My World: SIMD Optimization

ARM processors have conquered the mobile and embedded world by storm. The next frontier for ARM architecture is in making strides in cloud servers. There are several ARM licensees out there who are trying to improve their microarchitecture implementations to extract the best IPC with lowest possible power drain.

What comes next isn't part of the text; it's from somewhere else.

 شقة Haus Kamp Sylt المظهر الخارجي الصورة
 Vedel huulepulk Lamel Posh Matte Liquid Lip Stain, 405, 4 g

This article is about a nice little coprocessor called NEON. NEON coprocessor has its own separate instruction pipeline aimed at working efficiently with vectors and matrices. If you like MATLAB coding you will love to work with NEON. NEON is a SIMD (Single Instruction Multiple Data) processor. SIMD is executing more bits per instruction and thereby theoretically improving the data throughput. A typical ARMv8 processor works on 64 bits (8 bytes) of data per instruction, while a NEON coprocessor can work utmost 256 bits (32 bytes) at a time. In theory there is a 4x improvement in data throughput by simply using NEON over ARM apart from the added benefits of efficiently using the (prefetcher backed) D-cache and I-cache in CPU using NEON loads (vld) and stores (vst).

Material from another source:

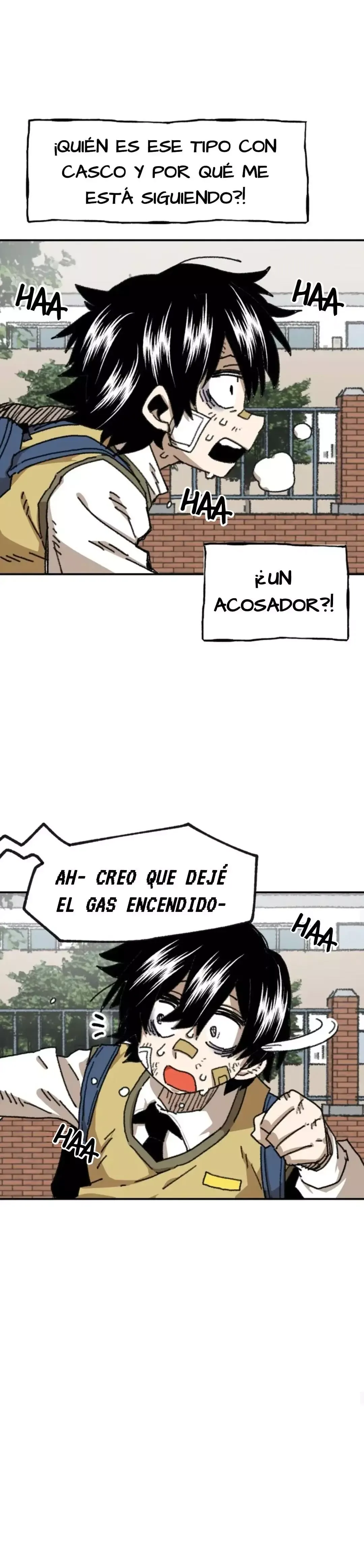Chico Suicida Capítulo 89 en Línea - página 18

In the initial days of my neon optimization I used to submit patches using neon assembly. But over the period I have realized that it is much easier and quicker to transform an ordinary "C/C++" looping constructs using NEON intrinsics over NEON assembly. With NEON intrinsics you as a developer need not worry about the register allocation. The ARM compilers/assemblers have evolved so much over the years that they can generate better NEON assembly instructions (efficient NEON register usage) over writing straight NEON assembly. Another advantage of using NEON intrinsics over NEON assembly is your code is future proof for any instruction set changes that has gone in NEON architecture between ARM generations like between ARMv7 and ARMv8.

This video gives a very good introduction of ARMv8 NEON architecture and potential applications.

My first line of attack on any optimization problem is to study the CPU usage using perf tool supported by Android Linux kernel. Other tools out there are of interest are top, DDMS etc. For example, say an Android application comprising 2 threads. One thread is used for drawing (painting) and other used for rendering with hardware acceleration (GPU) enabled. Based on the top functions that shows up in perf report, the next step is to start looking at the source code of the function and understanding whether the code can be translated to NEON. Sometime CPU utilization numbers in perf report doesn't reflect the actual performance bottlenecks. I have seen cases wherein a Skia [Skia is the popular 2D graphics library used for 2D drawing in Android OS+Chrome/Other WebKit based browsers] function is slowing down things by lying in the critical path of the code flow and thereby limiting the frames/sec (fps) of the rendering application. Whenever there is a Skia function in the perf report, it is always beneficial to double check the source code and understand what the code is doing.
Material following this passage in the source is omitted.